=== Instructions for the task ===
Return the material below exactly, but only from the line with "Woman ordering to waiter from the menu" through the line with "Peut inclure: Un", and without its pictures.

=== The records ===
———
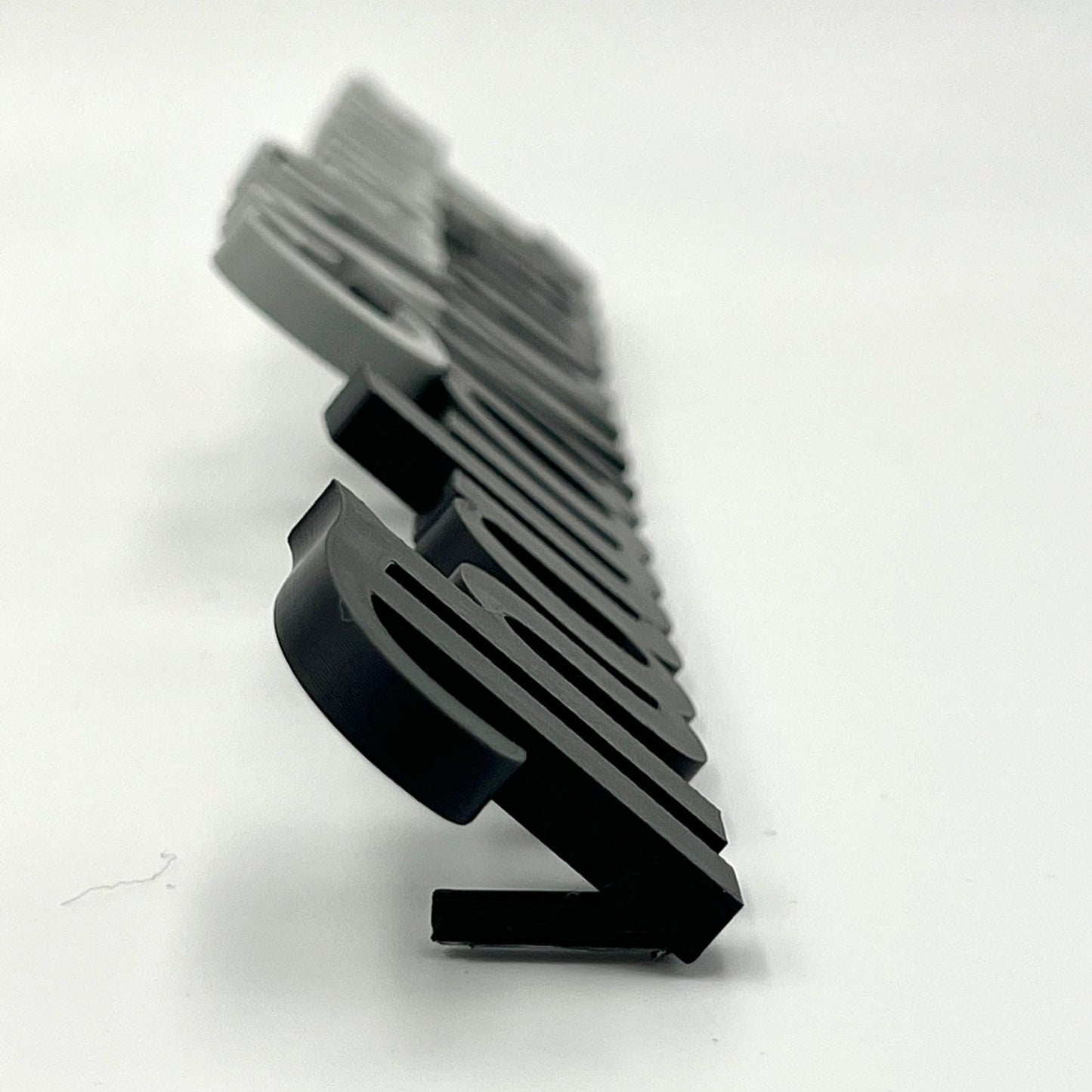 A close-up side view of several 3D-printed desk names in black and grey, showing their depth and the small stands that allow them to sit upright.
———
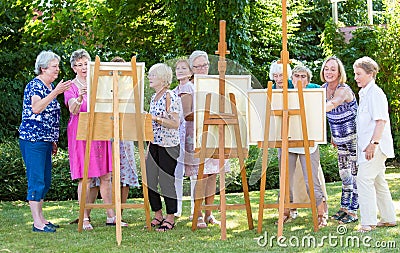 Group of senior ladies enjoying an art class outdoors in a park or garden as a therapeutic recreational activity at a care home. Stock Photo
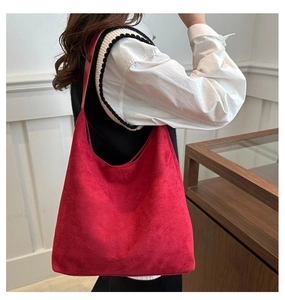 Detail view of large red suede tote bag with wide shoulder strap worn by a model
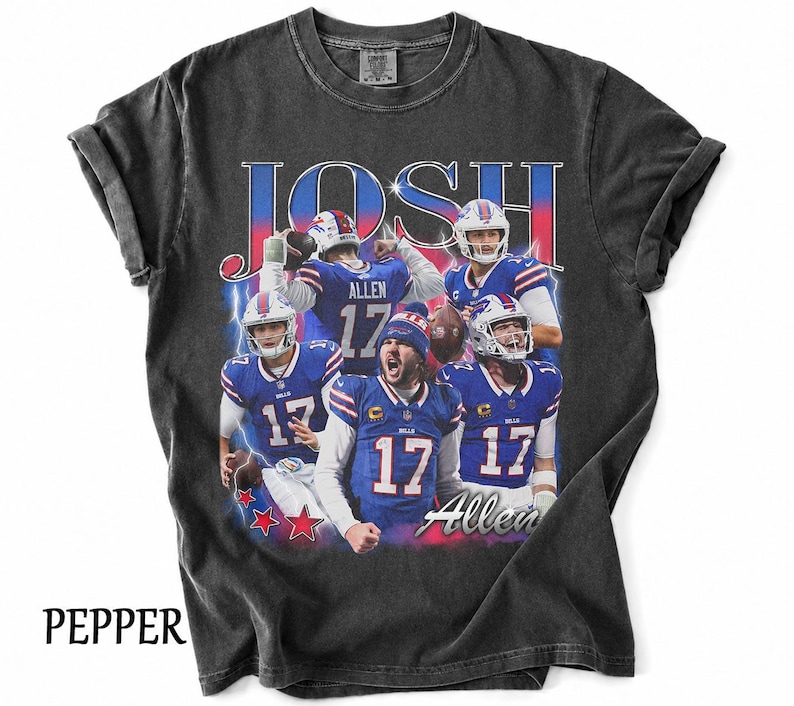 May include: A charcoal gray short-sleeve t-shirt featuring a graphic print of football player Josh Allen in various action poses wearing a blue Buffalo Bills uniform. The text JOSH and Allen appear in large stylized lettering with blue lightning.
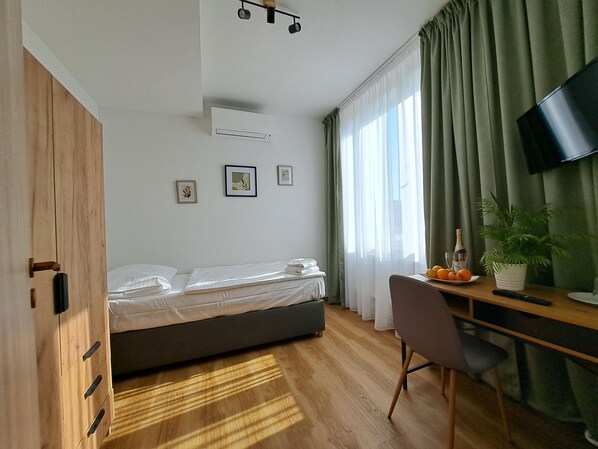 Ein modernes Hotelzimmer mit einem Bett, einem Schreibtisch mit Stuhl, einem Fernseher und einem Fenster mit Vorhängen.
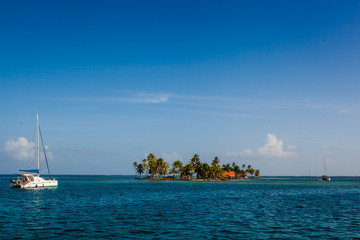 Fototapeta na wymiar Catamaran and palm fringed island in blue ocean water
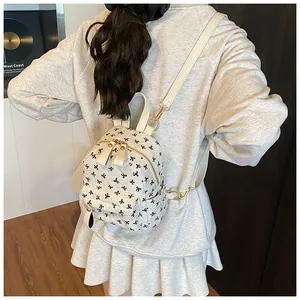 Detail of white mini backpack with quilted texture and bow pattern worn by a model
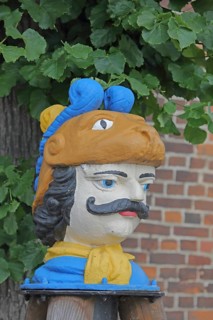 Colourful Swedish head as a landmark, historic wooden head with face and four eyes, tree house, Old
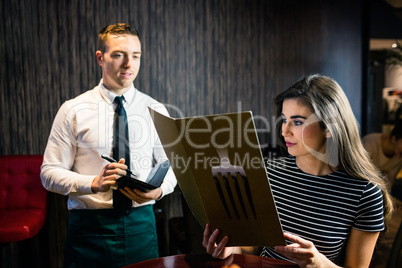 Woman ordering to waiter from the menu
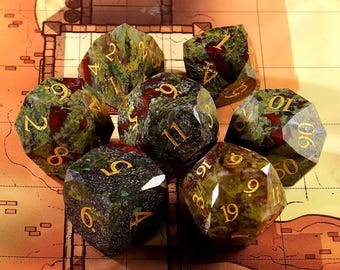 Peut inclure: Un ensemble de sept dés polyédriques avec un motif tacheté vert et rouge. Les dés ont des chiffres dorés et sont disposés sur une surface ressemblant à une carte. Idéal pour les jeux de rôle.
———
=== Answer space ===
 Woman ordering to waiter from the menu
 Peut inclure: Un ensemble de sept dés polyédriques avec un motif tacheté vert et rouge. Les dés ont des chiffres dorés et sont disposés sur une surface ressemblant à une carte. Idéal pour les jeux de rôle.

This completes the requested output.